About this exercise
The lines wanted run from the first one below through the one with "Portwest Sealtex Ultra Orange Latzhose". Return them exactly.

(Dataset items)
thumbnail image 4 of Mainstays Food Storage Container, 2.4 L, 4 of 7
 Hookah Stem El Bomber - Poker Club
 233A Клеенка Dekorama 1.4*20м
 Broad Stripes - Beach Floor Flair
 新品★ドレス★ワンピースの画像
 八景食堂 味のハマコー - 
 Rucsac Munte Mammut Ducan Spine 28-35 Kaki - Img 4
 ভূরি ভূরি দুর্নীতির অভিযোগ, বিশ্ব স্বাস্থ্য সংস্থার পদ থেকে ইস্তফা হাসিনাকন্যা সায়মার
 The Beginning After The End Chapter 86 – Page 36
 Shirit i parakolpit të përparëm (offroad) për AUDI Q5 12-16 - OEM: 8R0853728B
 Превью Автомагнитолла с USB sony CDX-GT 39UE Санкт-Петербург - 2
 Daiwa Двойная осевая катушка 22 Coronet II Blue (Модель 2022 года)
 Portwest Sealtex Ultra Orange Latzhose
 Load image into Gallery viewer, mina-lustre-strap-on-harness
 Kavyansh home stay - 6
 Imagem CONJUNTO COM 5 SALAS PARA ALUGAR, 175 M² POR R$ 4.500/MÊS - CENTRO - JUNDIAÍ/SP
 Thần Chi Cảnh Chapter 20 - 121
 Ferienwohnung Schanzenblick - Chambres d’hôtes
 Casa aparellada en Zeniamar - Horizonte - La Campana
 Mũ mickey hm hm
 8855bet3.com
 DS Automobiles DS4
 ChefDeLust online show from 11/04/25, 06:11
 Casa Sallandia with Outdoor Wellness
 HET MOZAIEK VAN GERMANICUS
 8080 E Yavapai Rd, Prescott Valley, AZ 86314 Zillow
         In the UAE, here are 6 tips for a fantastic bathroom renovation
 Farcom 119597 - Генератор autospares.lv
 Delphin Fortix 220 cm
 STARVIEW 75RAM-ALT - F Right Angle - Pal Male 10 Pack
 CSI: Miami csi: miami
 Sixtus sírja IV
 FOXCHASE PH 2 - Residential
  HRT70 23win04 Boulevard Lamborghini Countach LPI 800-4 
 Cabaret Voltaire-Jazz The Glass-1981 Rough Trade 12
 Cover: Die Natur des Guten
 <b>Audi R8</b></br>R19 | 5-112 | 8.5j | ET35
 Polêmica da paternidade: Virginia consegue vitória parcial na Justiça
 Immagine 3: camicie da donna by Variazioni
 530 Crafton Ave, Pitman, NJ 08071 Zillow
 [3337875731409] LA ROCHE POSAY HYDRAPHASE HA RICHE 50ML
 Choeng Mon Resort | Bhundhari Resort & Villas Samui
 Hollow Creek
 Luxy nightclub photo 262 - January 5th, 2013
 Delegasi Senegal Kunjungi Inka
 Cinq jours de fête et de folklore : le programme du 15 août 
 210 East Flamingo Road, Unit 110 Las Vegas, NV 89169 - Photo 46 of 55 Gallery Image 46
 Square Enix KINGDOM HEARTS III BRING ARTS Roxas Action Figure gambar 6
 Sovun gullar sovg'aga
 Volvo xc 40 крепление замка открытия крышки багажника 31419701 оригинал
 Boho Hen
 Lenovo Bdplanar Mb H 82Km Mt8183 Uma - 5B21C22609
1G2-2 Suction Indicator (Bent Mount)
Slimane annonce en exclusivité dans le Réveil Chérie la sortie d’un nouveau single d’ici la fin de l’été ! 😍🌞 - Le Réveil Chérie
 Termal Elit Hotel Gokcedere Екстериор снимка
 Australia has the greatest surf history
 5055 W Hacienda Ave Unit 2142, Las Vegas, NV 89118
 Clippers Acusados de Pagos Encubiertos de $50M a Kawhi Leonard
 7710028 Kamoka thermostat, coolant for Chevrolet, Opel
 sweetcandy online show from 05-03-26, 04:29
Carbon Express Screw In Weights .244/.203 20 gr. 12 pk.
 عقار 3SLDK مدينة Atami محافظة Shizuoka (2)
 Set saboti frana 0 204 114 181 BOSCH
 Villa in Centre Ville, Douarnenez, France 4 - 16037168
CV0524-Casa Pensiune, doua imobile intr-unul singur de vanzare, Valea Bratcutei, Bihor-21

Your response
thumbnail image 4 of Mainstays Food Storage Container, 2.4 L, 4 of 7
 Hookah Stem El Bomber - Poker Club
 233A Клеенка Dekorama 1.4*20м
 Broad Stripes - Beach Floor Flair
 新品★ドレス★ワンピースの画像
 八景食堂 味のハマコー - 
 Rucsac Munte Mammut Ducan Spine 28-35 Kaki - Img 4
 ভূরি ভূরি দুর্নীতির অভিযোগ, বিশ্ব স্বাস্থ্য সংস্থার পদ থেকে ইস্তফা হাসিনাকন্যা সায়মার
 The Beginning After The End Chapter 86 – Page 36
 Shirit i parakolpit të përparëm (offroad) për AUDI Q5 12-16 - OEM: 8R0853728B
 Превью Автомагнитолла с USB sony CDX-GT 39UE Санкт-Петербург - 2
 Daiwa Двойная осевая катушка 22 Coronet II Blue (Модель 2022 года)
 Portwest Sealtex Ultra Orange Latzhose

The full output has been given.